▶ Study material:
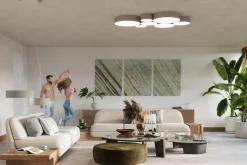 Deckenlampe rund Ø 55 cm Grau 4x E27 blendarm ATISS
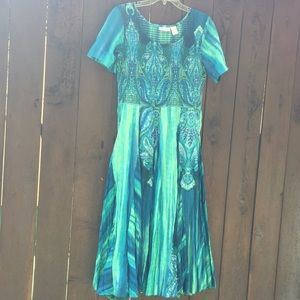 Turquoise & aqua tie dyed cotton dress size M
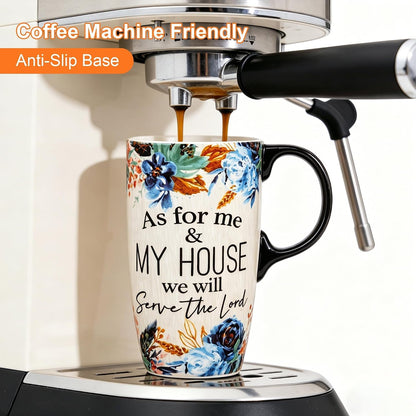 17oz Ceramic Travel Mug with Lid, Blue Bird Folk Art Coffee Mug | Large Ceramic Coffee Mug with Handle, Floral Travel Cup, Microwave & Dishwasher Safe, Gift Box Included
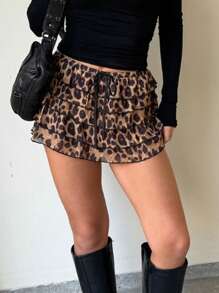Women Summer Mini Skirt Casual Leopard Print Layered Ruffles A-Line Skirt For Beach Vacation Club Streetwear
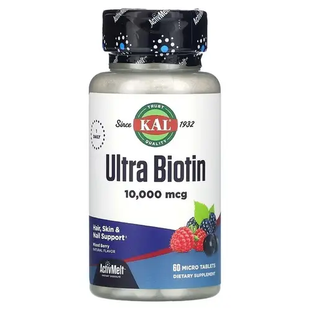 Ультра-біотин вітаміни для волосся KAL Ultra Biotin 10000 мкг - 60 смоктальних таблеток CAL-23425 фото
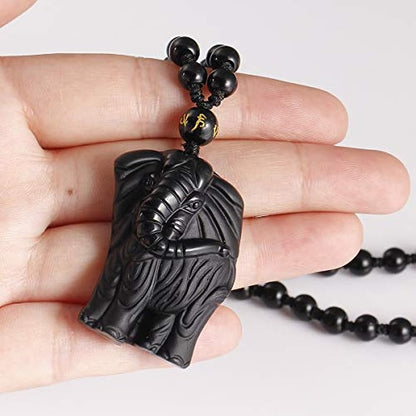 Elephant Natural Obsidian Necklace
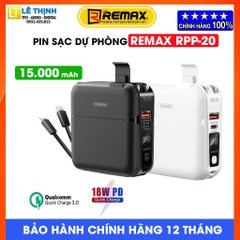 Pin Sạc Dự Phòng Remax RPP-20 15000mAh, Sạc Nhanh QC 18W, PD18W, tích hợp dây sạc, kiêm củ sạc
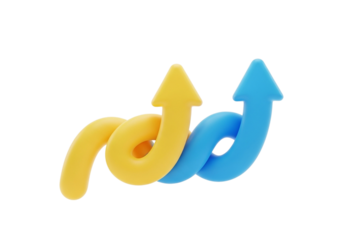 Two intertwined arrows, one yellow and one blue, symbolizing growth, progress, and collaboration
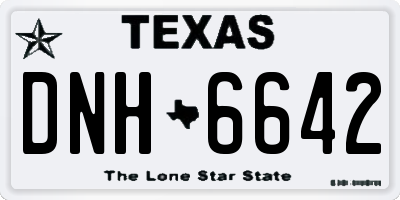 TX license plate DNH6642
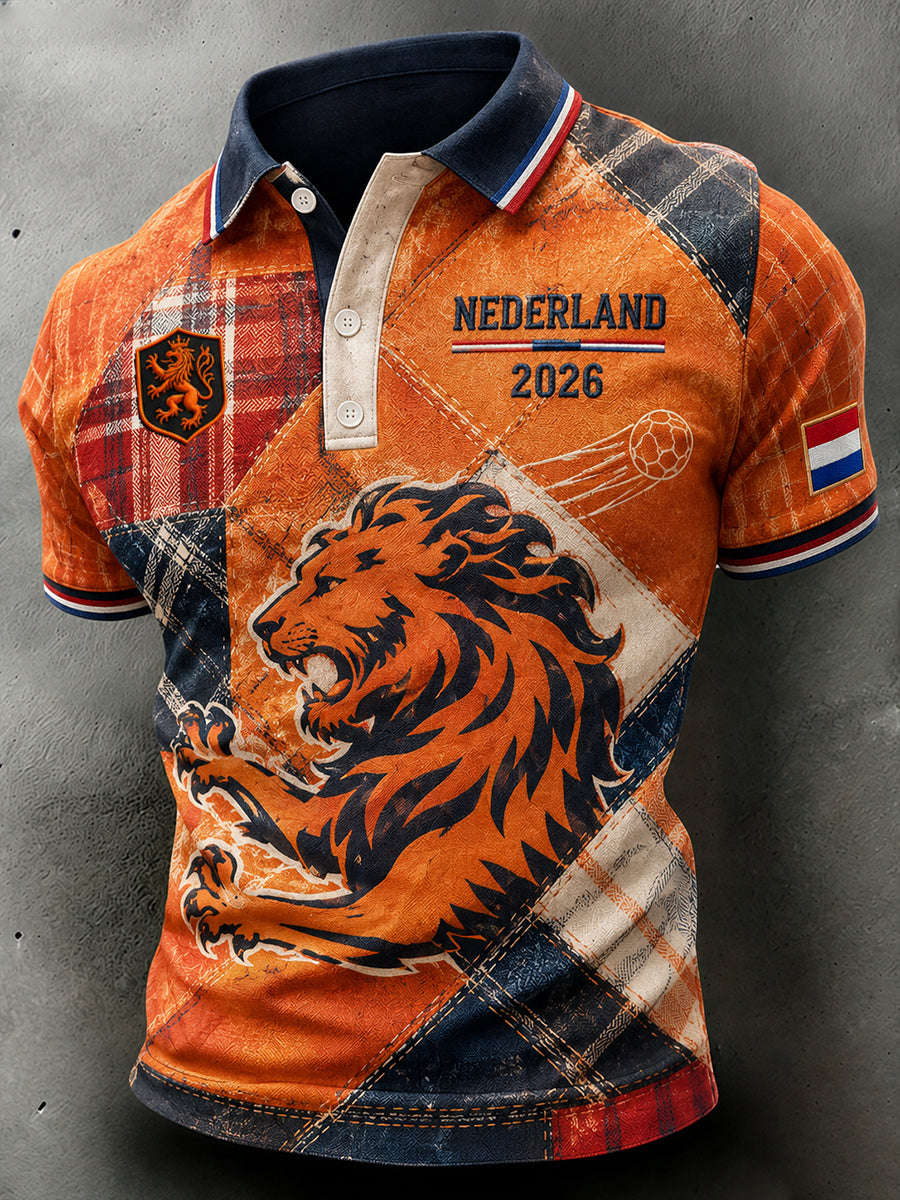 Herenpoloshirt met korte mouwen en voetbalprint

▶ Problem details: Take the records above from the line with "TX license plate DNH6642" down to their last line and please copy those lines exactly, without the pictures.

▶ Solution:
 TX license plate DNH6642
 Herenpoloshirt met korte mouwen en voetbalprint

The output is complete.